*** Opening of INPUT FOR THIS TASK ***
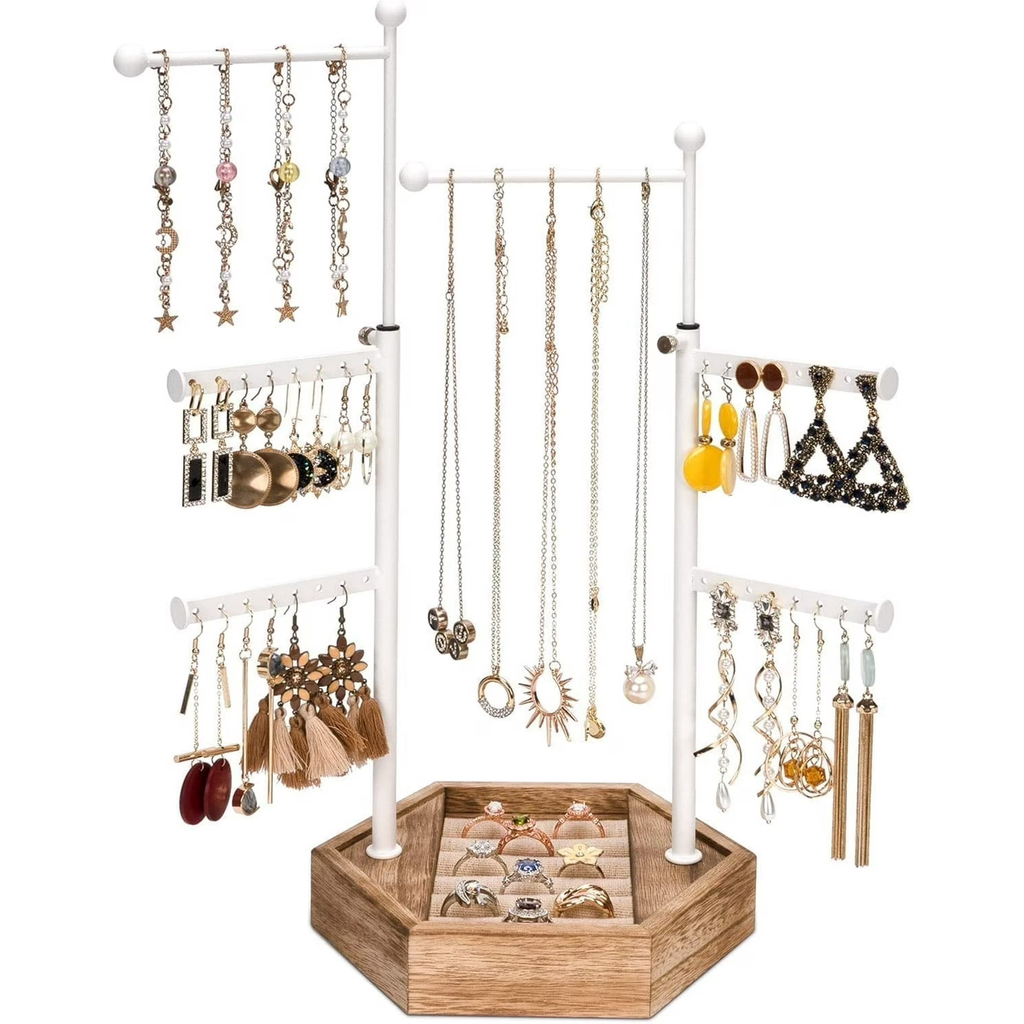 Jewelry Organizer Stand - 6 Tier Jewelry Rack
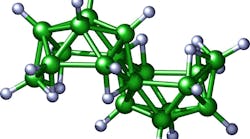 FIGURE 1. Anti-Octadecaborane isomer: blue = hydrogen, green = boron.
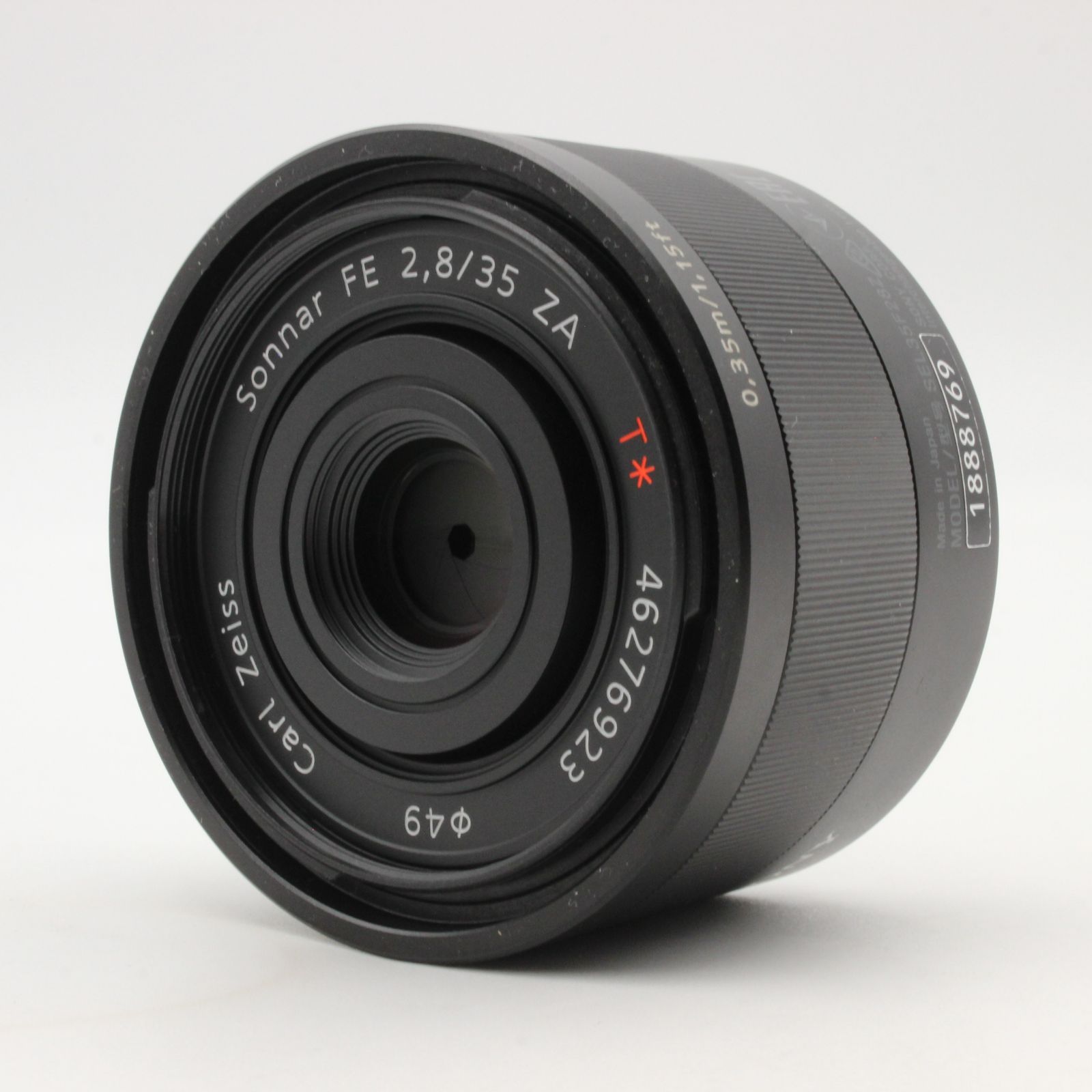 極美品】 SONY ソニー Sonnar FE 35mm f2.8 ZA T* Zeiss 極美品】 SONY ソニー Sonnar FE 35mm f2.8 ZA T* Zeiss
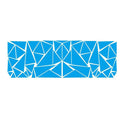 200cm x 60cm PET vinyl car waistline sticker for wheel arch decoration in geometric pattern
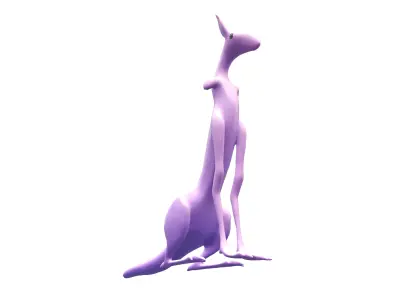 Sleek Monster v1 001 Low-poly 3D model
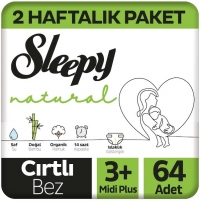 Sleepy Natural 3+ Beden 64 Adet resim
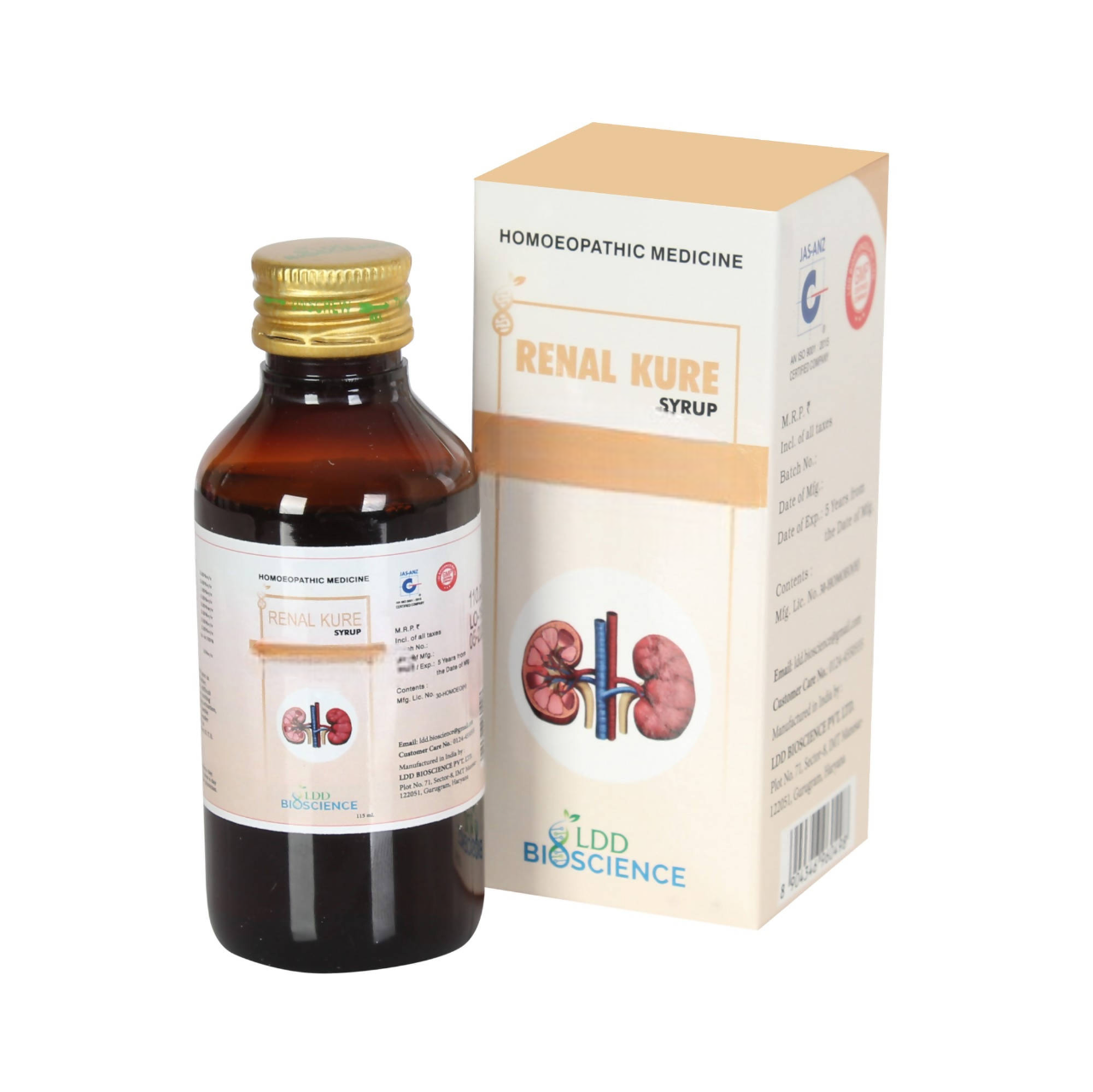 LDD Bioscience Homeopathy Renal Kure Syrup – Homeopathic Kidney Stone & Urinary Wellness Tonic 
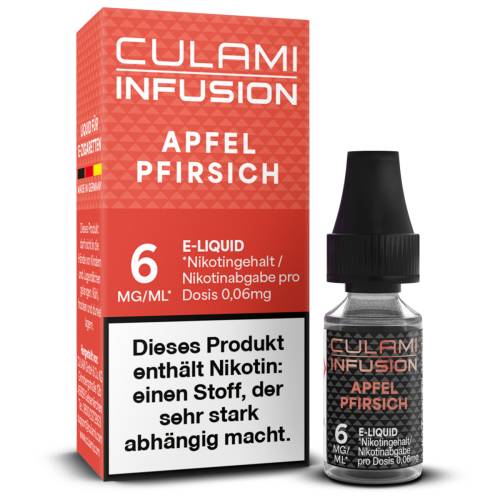 Produktbild Culami Infusion Apfel Pfirsich NicSalt Liquid 1
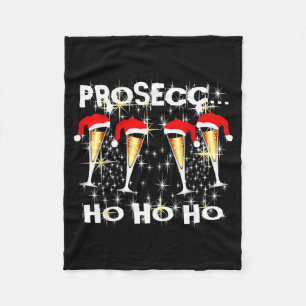 Partner Fun Outfit Nikolaus Xmas Ugly Santa Prosec Fleece Blanket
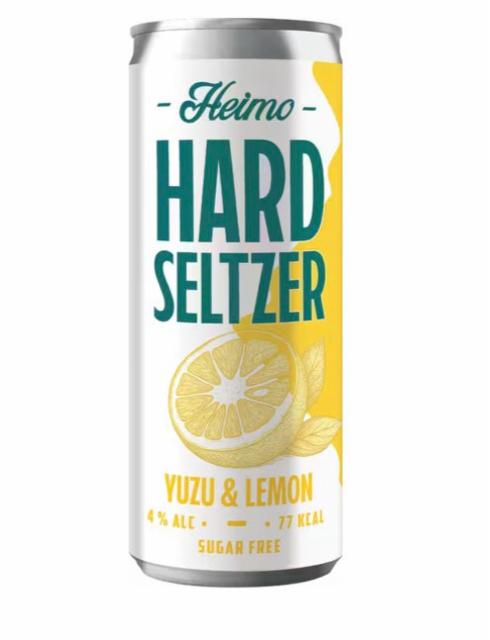 Heimo Hard Seltzer Yuzu & Lemon 4.0%, heimobeverages, Finland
*** Close of INPUT FOR THIS TASK ***
_WHAT IS BEING ASKED_: Please reproduce the lines above from the one containing "LDD Bioscience Homeopathy" through the final line, exactly and inclusively, leaving out each picture.

_ANSWER BOX_:
 LDD Bioscience Homeopathy Renal Kure Syrup – Homeopathic Kidney Stone & Urinary Wellness Tonic 
 Produktbild Culami Infusion Apfel Pfirsich NicSalt Liquid 1
 Partner Fun Outfit Nikolaus Xmas Ugly Santa Prosec Fleece Blanket
 Heimo Hard Seltzer Yuzu & Lemon 4.0%, heimobeverages, Finland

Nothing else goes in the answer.